DVC at Disneyland is suppose to open by late 2009, it's an extension to the Grand Californian which will add 200 hotel rooms along with 50 2-bdrm DVC villas.  DVC also announced a project in Hawaii.  They purchased 20 acres in Oahu and their initial plan is to have this resort open by late 2011.  I hope DVC builds it but we all know that's not an easy task.


----------



## Carmel85 (Dec 8, 2007)

tamu91 said:


> I looked at Sedona as well but I just couldn't find one in my price range.  I realize MF adds up through the years but initial buy-in price was more of a factor to me to I went the Key West route.
> DVC at Disneyland is suppose to open by late 2009, it's an extension to the Grand Californian which will add 200 hotel rooms along with 50 2-bdrm DVC villas.  DVC also announced a project in Hawaii.  They purchased 20 acres in Oahu and their initial plan is to have this resort open by late 2011.  I hope DVC builds it but we all know that's not an easy task.




What is you price range?  My best deal we bought were in Sedona. Also many of the Hyatt sales people through out the hyatt system buy in Sedona because of the MF's

DVC will be nice in Disneyland.  I do not like the location in Hawaii


----------



## bdh (Dec 8, 2007)

While $11,000 is a good price for a 1880 pt Beach House, I would be surprised if it got past ROFR.  I was shocked when they exercised ROFR on an 1880 HBH week at $14,000 - but they did.  I wouldn't believe anyone if they told me that, but I just visited the Monroe County Clerk web site and verified it.  If you want to read it for yourself , check the 10/10/2007  transfer between MIKLOSKY VICTORIA and BEACH HOUSE DEVELOPMENT PARTNERSHIP.


----------



## Kal (Dec 9, 2007)

Thanks for the update on ROFR at the Beach House.  Hyatt had been letting almost all the ROFR pass except for the 2200 point weeks and bargain giveaways.  It looks like they are back into business as usual where the buyer would have to be much better than 60% of the retail sales price to pass.  That would mean the offer would have to be better than $15K for an 1880 point week.


----------



## saturn28 (Dec 9, 2007)

bdh said:


> While $11,000 is a good price for a 1880 pt Beach House, I would be surprised if it got past ROFR.  I was shocked when they exercised ROFR on an 1880 HBH week at $14,000 - but they did.  I wouldn't believe anyone if they told me that, but I just visited the Monroe County Clerk web site and verified it.  If you want to read it for yourself , check the 10/10/2007  transfer between MIKLOSKY VICTORIA and BEACH HOUSE DEVELOPMENT PARTNERSHIP.

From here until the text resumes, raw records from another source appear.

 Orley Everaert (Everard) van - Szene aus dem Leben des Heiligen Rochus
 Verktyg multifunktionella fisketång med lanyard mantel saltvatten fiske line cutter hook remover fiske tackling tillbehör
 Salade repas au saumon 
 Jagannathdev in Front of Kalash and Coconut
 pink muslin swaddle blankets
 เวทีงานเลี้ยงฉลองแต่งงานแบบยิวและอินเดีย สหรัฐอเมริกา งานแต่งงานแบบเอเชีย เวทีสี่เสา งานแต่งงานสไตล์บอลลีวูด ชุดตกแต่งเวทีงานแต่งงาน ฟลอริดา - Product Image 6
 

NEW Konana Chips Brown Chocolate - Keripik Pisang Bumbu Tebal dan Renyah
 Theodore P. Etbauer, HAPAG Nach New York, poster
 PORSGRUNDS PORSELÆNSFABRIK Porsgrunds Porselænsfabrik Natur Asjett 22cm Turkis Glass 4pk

I am not certain that you are correct in assuming these are weeks being bought back by Hyatt because the price was too low. If you take a look at all the warranty deeds being registered to Beach House, there are some 1880 point weeks with a price of $17,000 and 1300 point weeks with a price over $8,000. I think what they are registering here are weeks that Hyatt has taken back because the owner was not paying their mortgage and the price that is recorded is the amount that owner owed at the time.


----------



## tamu91 (Dec 9, 2007)

bdh said:


> While $11,000 is a good price for a 1880 pt Beach House, I would be surprised if it got past ROFR.  I was shocked when they exercised ROFR on an 1880 HBH week at $14,000 - but they did.  I wouldn't believe anyone if they told me that, but I just visited the Monroe County Clerk web site and verified it.  If you want to read it for yourself , check the 10/10/2007  transfer between MIKLOSKY VICTORIA and BEACH HOUSE DEVELOPMENT PARTNERSHIP.

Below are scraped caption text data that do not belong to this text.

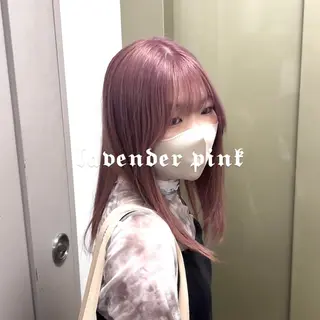 ミディアム カラー YUIKA☆髪質改善 小顔カット艶カラーのヘアスタイル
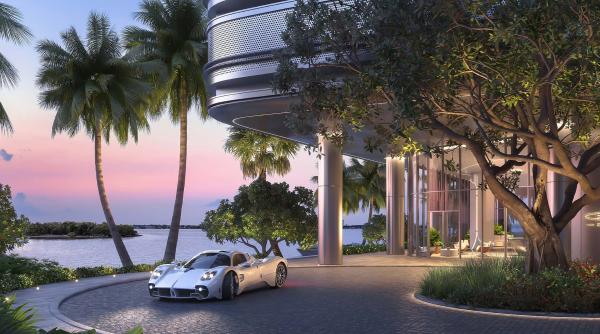 blocul din miami in care iti cumperi penthouse si primesti gratuit o masina de 3 milioane de dolari cum arata apartamentele si bolidul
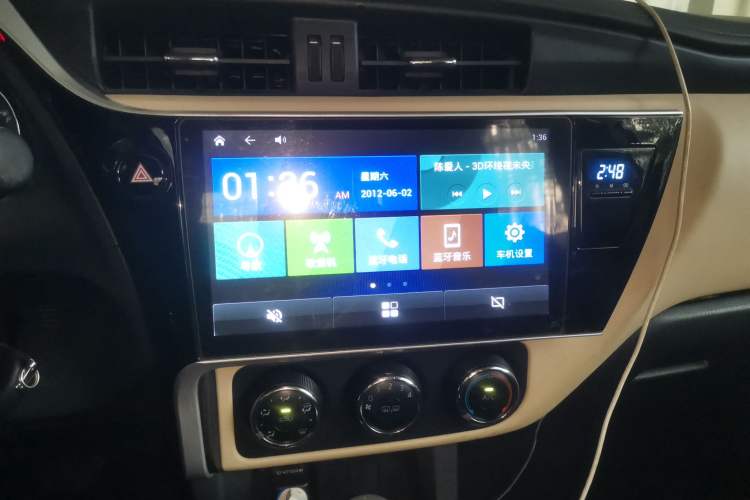Used Toyota Corolla 2017 Revised Version 1.2T S-CVT GL Audio And AC Panel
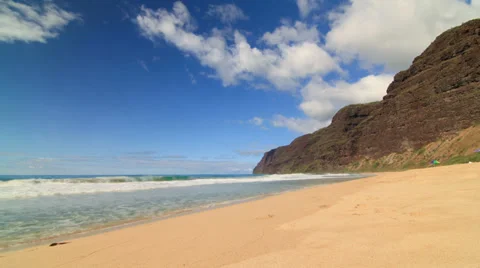 Beach Time Lapse Stock Footage 31861714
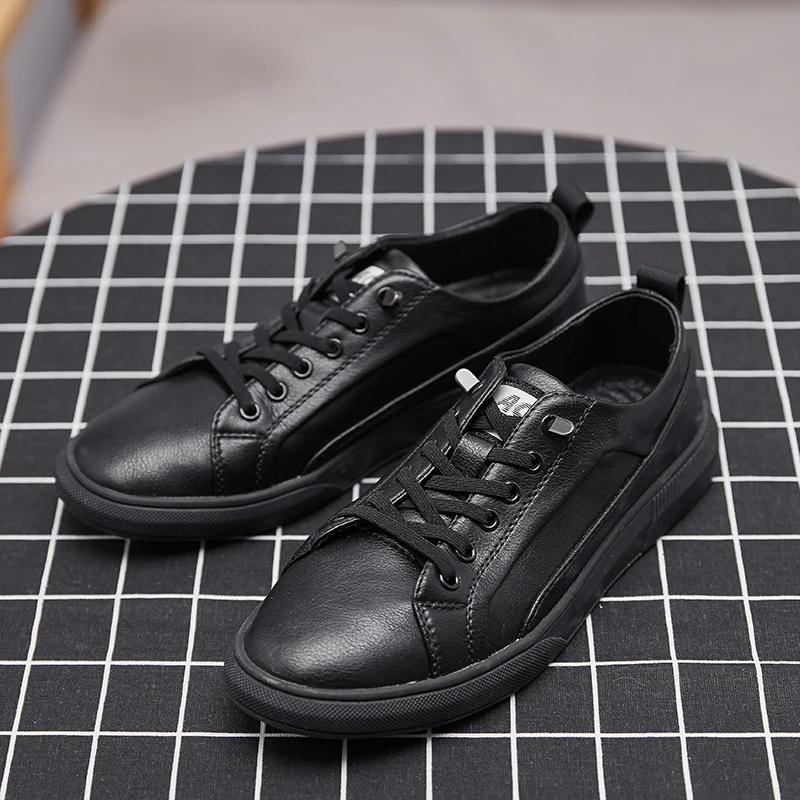 FashionBrand Мужская модная повседневная кожаная обувь для отдыха на открытом воздухе, удобная обувь для ходьбы, тенниса, мужская обувь, роскошные туфли на шнуровке на плоской подошве для вождения, новые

ROFR is a concern so we'll wait and see, I'm hoping the soft housing market helps in my case.  I'll post the result when I find out.

Carmel85 - I was trying to stay under $12,000 for 1880 pt contract.  I've looking at Hyatt resale for a while at comparable contract at Sedona was usually around $15K.


----------



## mesamirage (Dec 9, 2007)

Have you already submitted the ROFR approval request to Hyatt? There have been discussions on methods that are a bit creative and insure ROFR likely to pass.  If handled correctly, I don't see ROFR being part of the equation on a resale purchase price.


----------



## Kal (Dec 9, 2007)

Mesa Mirage is correct in that there are creative ways to get past ROFR.  One such method was recently an incredible success.


----------



## tamu91 (Dec 9, 2007)

Kal said:


> Mesa Mirage is correct in that there are creative ways to get past ROFR.  One such method was recently an incredible success.



Kal - sent you a PM

I just sent all the paperwork back to my realtor Friday so I'm not sure if she had a chance to present the offer to Hyatt for ROFR.  I'll send her an e-mail today to confirm.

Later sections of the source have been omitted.